The allelic profile, ST, and CC for each isolate are shown in Tables 2 and 3. The results revealed a diverse distribution of ST1–ST47. Three isolates, HL_NV12211, PA42, and PA101, belonged to ST1 (allelic profile 1–1–1–1–1–1–1); two isolates, PA44 and PA78, belonged to ST9 (8–7–6–2–13–1–7); three isolates, HL_D3081, PA95, and PA49, belonged to ST14 (4–1–12–5–18–5–7); two isolates, PA30 and HL2121, belonged to ST18 (8–6–1–9–15–11–5); four isolates, HL_D1250, PA23, PA48, and PA81, belonged to ST20 (9–1–1–8–22–10–5); two isolates, PA9 and NV25875, belonged to ST27 (4–9–3–1–13–13–12); two isolates, PA75 and HL1500, belonged to ST33 (13–5–1–14–15–13–2); two isolates, PA38 and PA88, belonged to ST36 (4–1–2–15–16–10–14); and three isolates, PA96, NV24345, and NV26624, belonged to ST37 (12–11–1–11–16–13–6). CC2 (N=2) consisted of ST2 (allelic profile 4–1–1–1–5–1–7) and ST39 (4–1–1–1–5–1–1); CC10 (N=3) consisted of ST10 (8–7–8–10–6–6–4), ST11 (10–7–8–10–6–6–4), and ST16 (8–10–8–10–6–6–4); CC18 (N=3) consisted of ST18 (8–6–1–9–15–11–5) and ST45 (8–1–1–9–15–11–5); CC31 (N=2) consisted of ST31 (13–1–2–15–12–9–15) and ST32 (13–1–2–15–12–9–16); and CC33 (N=3) consisted of ST33 (13–5–1–14–15–13–2) and ST41 (13–6–1–14–15–13–2) (Tables 2 and 3).

Fig. 1 shows a phylogenetic tree of the concatenated sequences of the seven genes in all isolates constructed using the neighbor-joining method. Apart from P. multocida subsp. multocida ATCC 43137(T) and P. multocida subsp. septica NCTC 11995(T), which were used as outgroups, all isolates were clustered together. Furthermore, we found that isolates belonging to CC2, CC10, CC18, CC31, and CC33 were clustered together in the tree.

Fig. 2 shows goeBURST diagrams indicating the relationships between STs and CCs in all isolates. Fig. 2A indicates the differential distribution of STs among different hosts (animals and humans), and Fig. 2B shows the differential distribution of STs among different countries (Japan, Korea, and others).

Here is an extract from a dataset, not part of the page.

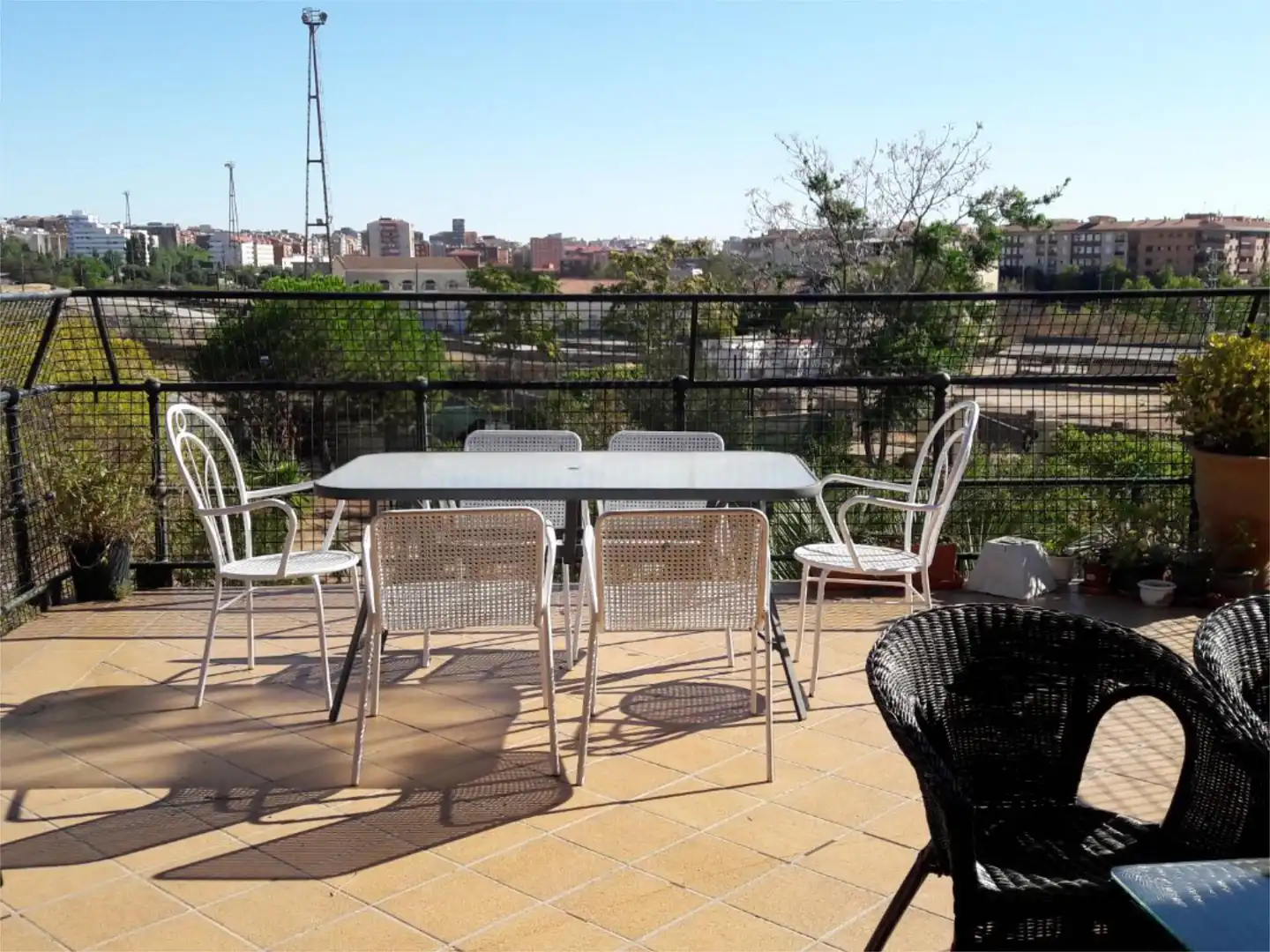 Terrassa de Casa o xalet en venda en Cáceres amb Aire condicionat, Jardí privat i Terrassa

For the first ompA genotyping analysis conducted at a Japanese institute alone, we used 48 isolates (excluding 13 Korean isolates) (Table 3). Fig. 3 shows a phylogenetic tree constructed based on the ompA amino-acid sequences, using the neighbor-joining method and the maximum-likelihood method with the Whelan and Goldman model. We found four clusters (1–4) in the tree. Identical ST20 isolates (N=4) were clustered in cluster 1; identical ST33 isolates (N=2) were clustered in cluster 2; identical ST9 (N=2) and ST14 (N=3) isolates were clustered in cluster 3; and identical ST1 (N=3) and ST36 (N=2) isolates were clustered in cluster 4, suggesting the validity of the MLST scheme.

Simpson’s diversity index values (and 95% confidence intervals) of MLST (N=48) and ompA typing (N=48) were 0.987 (0.975–0.999) and 0.692 (0.612–0.772), respectively, indicating the high discriminatory ability of the MLST scheme established compared with that of ompA typing.